Vivek Kane, also known by his pen name Sahaj, is a Gujarati poet, writer and translator from Gujarat, India. His notable works include Anubhuti (2004) and Kathpootali (The puppet; 2010). He was awarded the prestigious Shayda Award (for 1999), in January 2000, at Bharatiya Vidyabhavan, Mumbai, for his contribution in Gujarati poetry. He is also the recipient of Bharatratna Dr P V Kane Award (2011) and Mareez Award for poetry (2012). Kane has authored a book on Leadership titled ESOL - Effective Success-Oriented Leadership.

A Mechanical Engineer by education, Kane also holds a Master's in Finance. He has held top leadership positions with many international organizations. As the CEO of KANE Consult, he has been coaching and mentoring many CEOs and Business Leaders on Strategic Management and Leadership.

As a technocrat, Kane has presented papers on Renewable Energy and Nanotechnology at several international seminars, conferences, symposia and other fora the world over. He is a prominent speaker on Organizational Culture, Strategy and Leadership; and has traveled to over 50 countries in the world.

Kane is a Gujarati poet and a playwright. Kane's poetry, scholarly articles and plays are regularly published in reputed Gujarati magazines and journals. He is frequently invited to recite poetry all over the world.

Kane's creative quest in poetry, literature and music has seemingly complemented his strategic and leadership thought; and vice versa.

== Early life ==
Kane was born on 16 March 1967 in Pune, to Anil Kane and Usha Kane. He is a resident of Vadodara. After taking his primary education from IPCL school, Vadodara, he completed his Std. 12 from A.G. High School, Ahmedabad, in 1984. He received his B.E. (Mechanical) in 1988 from the Maharashtra Institute of Technology, Pune. He also holds an M.B.A. in Finance. Kane married Aparna on 27 January 1994.

== Career ==
A Mechanical Engineer by education, Kane also holds a Master's in Finance. He has held top leadership positions with many international organizations.

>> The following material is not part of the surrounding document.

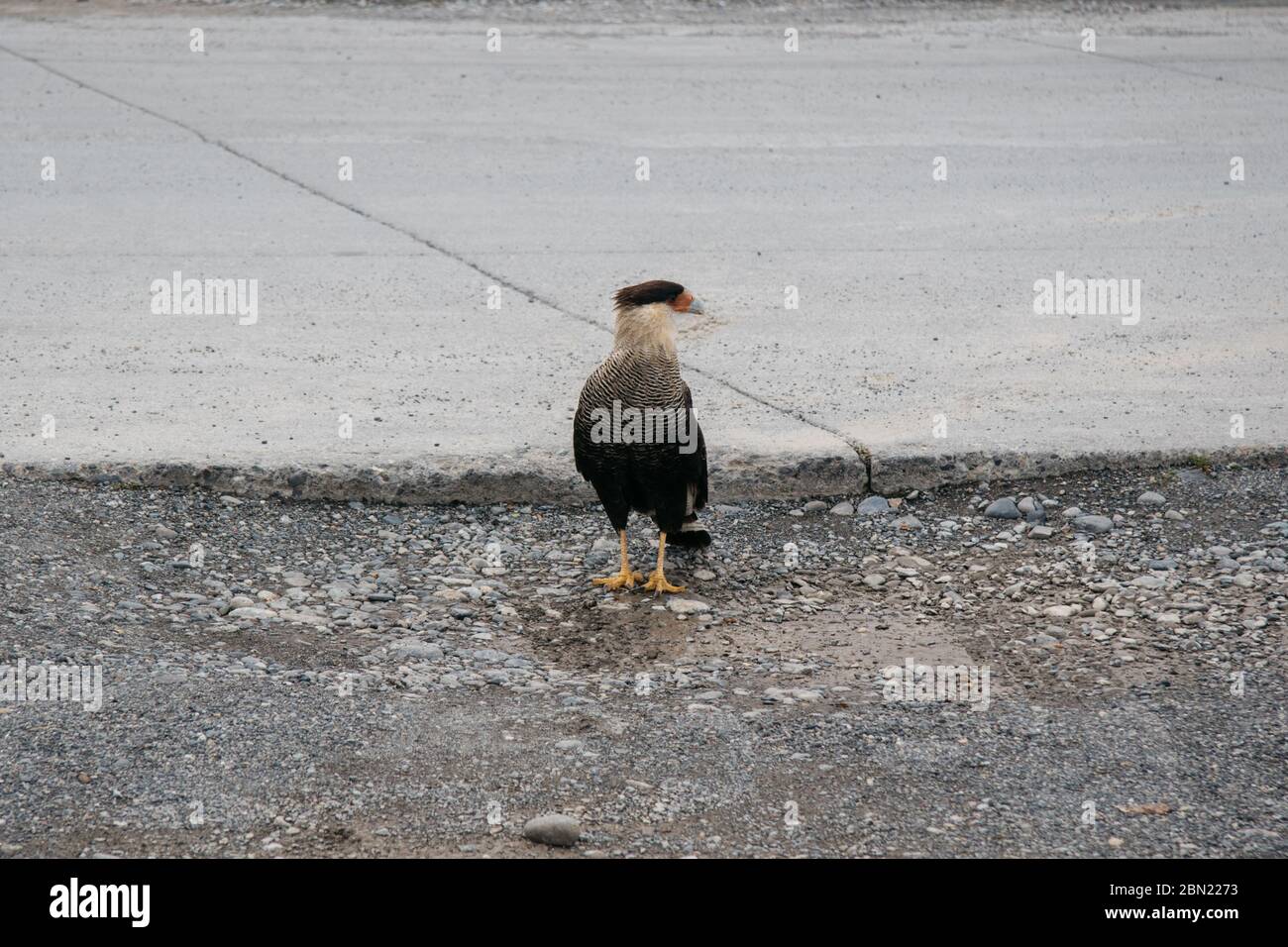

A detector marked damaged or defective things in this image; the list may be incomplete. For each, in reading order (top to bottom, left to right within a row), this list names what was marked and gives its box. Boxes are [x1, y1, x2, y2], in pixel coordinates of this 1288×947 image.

As the CEO of KANE Consult, he has been coaching and mentoring many CEOs and Business Leaders on Strategic Management and Leadership.

Kane is a Gujarati poet and playwright. His poetry, scholarly articles, and plays are published in various Gujarati magazines and journals. A resident of Vadodara, he has given poetry reading internationally.

== Works ==
His pen name Sahaj means easy, effortless or natural in Gujarati.
He writes in both Gujarati and Urdu. He published his first collection of ghazals Kathpootali (The Puppet) in 2010, which was critically acclaimed by several Gujarati writers and poets including Khalil Dhantejvi, Bhagvatikumar Sharma, Rajesh Vyas 'Miskin', Rashid Meer and Vinod Joshi. He has translated the selected Gujarati poems into Marathi with Mangesh Padgaonkar. This work was published as Anubhuti (2004). He has also translated two one-act plays of P. L. Deshpande into Gujarati.

== Recognition ==
He was awarded the Shayda Award in 1999 for his contribution to Gujarati ghazal poetry. He is also a recipient of Bharatratna P. V. Kane Award (2011) and Mareez Award (2012).